- [WORK INSTRUCTION]:
In the entries below, find the line with "Then I go up" and the line with "All eyes on"; copy them and every line between them exactly, but not the pictures.

- [DATA EXCERPTS]:

::::

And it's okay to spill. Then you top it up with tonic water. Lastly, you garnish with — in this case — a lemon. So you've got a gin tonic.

::::

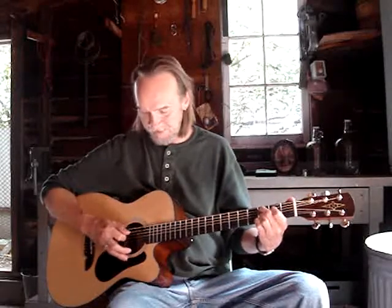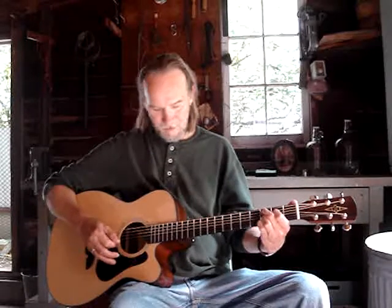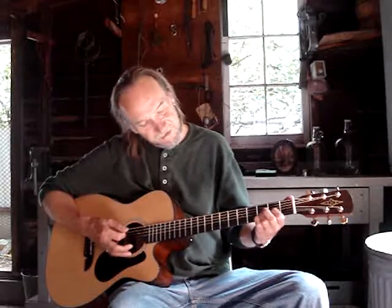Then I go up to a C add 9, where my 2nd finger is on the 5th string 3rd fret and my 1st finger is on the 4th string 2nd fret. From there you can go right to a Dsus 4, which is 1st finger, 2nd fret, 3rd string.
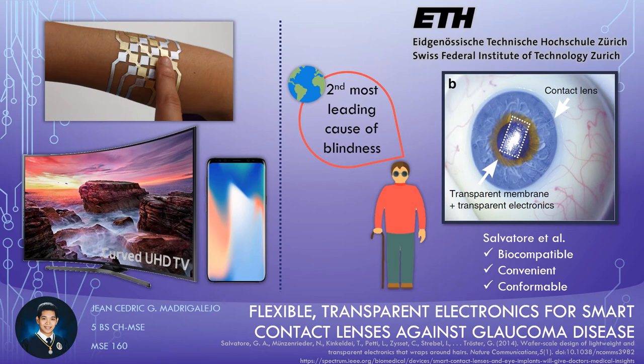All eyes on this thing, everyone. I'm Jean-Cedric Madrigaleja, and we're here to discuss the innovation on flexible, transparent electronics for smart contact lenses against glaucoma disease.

::::

- [OUTPUT FOR THIS TASK]:
Then I go up to a C add 9, where my 2nd finger is on the 5th string 3rd fret and my 1st finger is on the 4th string 2nd fret. From there you can go right to a Dsus 4, which is 1st finger, 2nd fret, 3rd string.
All eyes on this thing, everyone. I'm Jean-Cedric Madrigaleja, and we're here to discuss the innovation on flexible, transparent electronics for smart contact lenses against glaucoma disease.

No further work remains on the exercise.